Die Möglichkeiten der modernen Medizin stellen Ärzte, Patienten und Angehörige immer häufiger vor schwere Entscheidungen. Ich finde es gut, dass darüber nicht nur unter Fachleuten, sondern auch in der Öffentlichkeit diskutiert wird. Denn hier geht es nicht nur um Einzelfragen; dahinter stehen die Grundfragen: Was macht den Menschen zum Menschen? Was ist Leben, was Tod? Und die Frage nach unseren Autoritäten und letzten Maßstäben: Wer bestimmt, was gut ist und was schlecht oder gar böse?

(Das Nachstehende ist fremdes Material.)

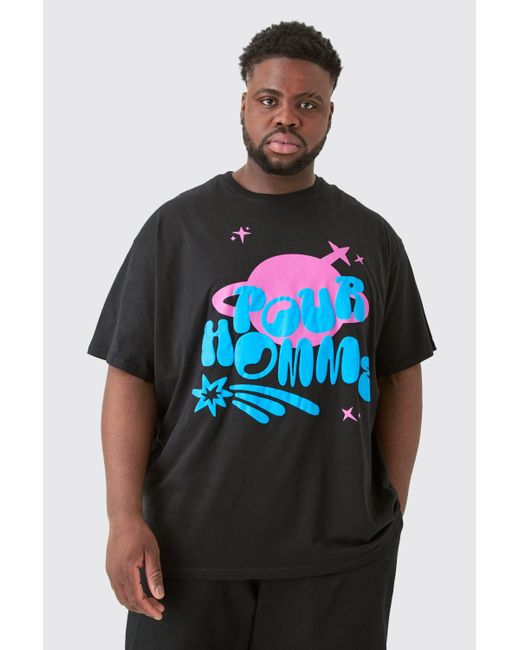 BoohooMAN Plus Space Pour Puff Print T-shirt In Black for men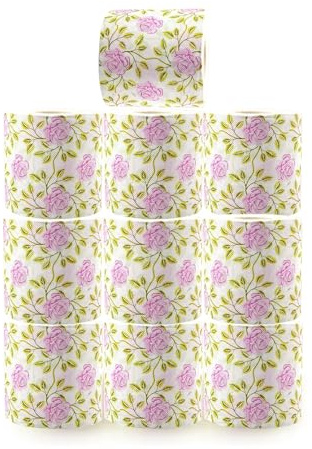 Generisch 10 Rollen Toilettenpapier, Blumen-Toilettenpapier, 4-Lagiges Toilettenpapier, Toilettenpapier Aus Bambuszellstoff, Weich, Stark, Geeignet Für Zuhause, Hotel Und Reisen,Weiß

Früher haben kirchliche Autoritäten diese Fragen für alle beantwortet, und wer sich ihnen nicht beugen wollte, lebte gefährlich. Das ist lange her. Heute behaupten viele im Namen des Fortschritts müsse dieses getan und jenes gelassen werden – aber dahinter stehen oft persönlicher Ehrgeiz oder wirtschaftliche Interessen, habe ich den Eindruck. Als evangelischer Christ bin ich überzeugt: Meine persönliche Verantwortung vor Gott und meinem Gewissen kann mir keine Autorität abnehmen. Umso wichtiger ist für mich das Gespräch mit der Bibel, die für viele seit Generationen Maßstab ist, und die Auseinandersetzung mit anderen Meinungen, auch solchen aus der Vergangenheit.

 

Albert Schweitzer zum Beispiel, der große Arzt und Menschenfreund, hat die Haltung der "Ehrfurcht vor dem Leben" ins Zentrum gerückt, und diese Haltung ist seither zum Ziel für viele Menschen geworden. Dieser Maßstab der Ehrfurcht vor dem Leben ist kein Patentrezept für die Beantwortung aller Fragen, aber er kann doch helfen, gemeinsam eine menschliche Richtung zu finden in einer Zeit, in der das Menschenbild verschwimmt und sich der Materialismus in den Vordergrund schiebt. Denn wenn Krankenhäuser unbedingt Gewinn machen müssen, wird der Spielraum für die Menschlichkeit immer enger.

 

Ich kenne Menschen, die Angst davor haben, ins Krankenhaus zu gehen. Sie sagen: "Ich weiß ja nicht, was die da alles mit mir machen," und meinen: Ich weiß ja nicht, welche Grundsätze dort gelten, und ob ich mich dagegen wehren kann, als Objekt behandelt zu werden. Da ist es eine große Hilfe, wenn Ärzte und Schwestern sich Zeit nehmen für Gespräche mit den Patienten, sodass Vertrauen wachsen kann und deutlich wird. Wir sind uns unserer Verantwortung bewusst, und wir werden gemeinsam auch schwierige Entscheidungen treffen in Ehrfurcht vor deinem Leben.